09 Ağustos 2014 16:41

Zaman gazetesi yazarı Ahmet Turan Alkan, Başbakan Tayyip Erdoğan'ın "Haddini bil edepsiz, aşağılık kadın" sözleriyle tepki gösterdiği Taraf yazarı ve The Economist Türkiye muhabiri Amberin Zaman'ın, ciddi bir tenkit dile getirdiğini, ancak hakaret gördüğünü söyledi.

CHP lideri ile CNN Türk'te katıldığı programda Kılıçdaroğlu'nun “Bir kitle var ki bu yüzde 25 ile 35 arasında değiştiği söyleniyor... Bu kitle hiç bir şeyi sorgulamıyor” sözleri üzerine “Bunu Türkiye’de, bir Müslüman ülkesinde beklemek biraz zor değil mi? Çünkü neticede İslam, merkezine bireyi değil cemaati alan bir din" yorumunu yapan Amberin Zaman, Başbakan Erdoğan'ın hakarete varan ifadelerine hedef oldu.

Ahmet Turan Alkan, Zaman gazetesindeki köşesinde adını anmadan Amberin Zaman’ın "son derece makul ve ciddiye alınması gereken bir tenkit" dile getirdiğini vurguladı. Alkan'ın "Torunlarımıza anlatmak için" başlığıyla yayımlanan (9 Ağustos 2014) yazısı şöyle:

 

‘Torunlarımıza anlatmak için...’

 

Bu satırların kaleme alındığı 16.15 itibarıyla durum şuydu: Henüz mesleki reflekslerini kaybetmemiş haber kanalları, ABD uçaklarının IŞİD mevzilerini bombalaması üzerine normal yayını kesip bu haberin ayrıntılarına girerken TRT-Haber, normal yayınını keserek Başbakan’ın, mitingini naklen vermekte.

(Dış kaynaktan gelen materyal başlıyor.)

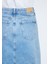 Valerie Casual Açık Mavi Jean Etek 1319886784 7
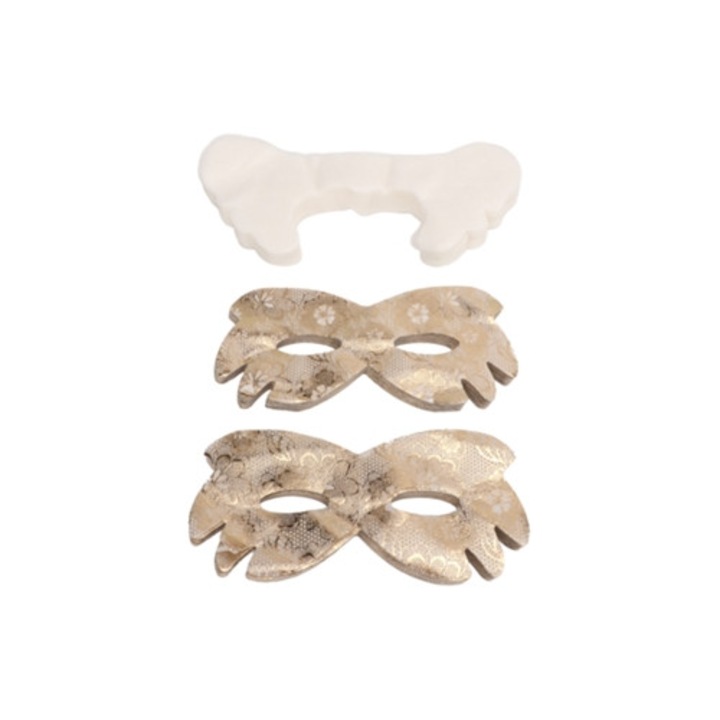 Set 100 Masti pentru ten, forma fluture, subtiri, moi, ingrijire pentru pielea din jurul ochilor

Bu anlık tespit, dış politikamızın acıklı halini resmetmekle kalmıyor, devletin iktidar tarafından nasıl ele geçirildiğini de gösteriyor. TRT’nin, muazzam bir bütçe desteğiyle yıllar içinde üst üste koyduğu marka değerinin bu derece çarçur edilmesi, zannımca vâdesi geldiğinde taksit taksit özelleştirilerek özel sektöre devriyle nihayetlenir.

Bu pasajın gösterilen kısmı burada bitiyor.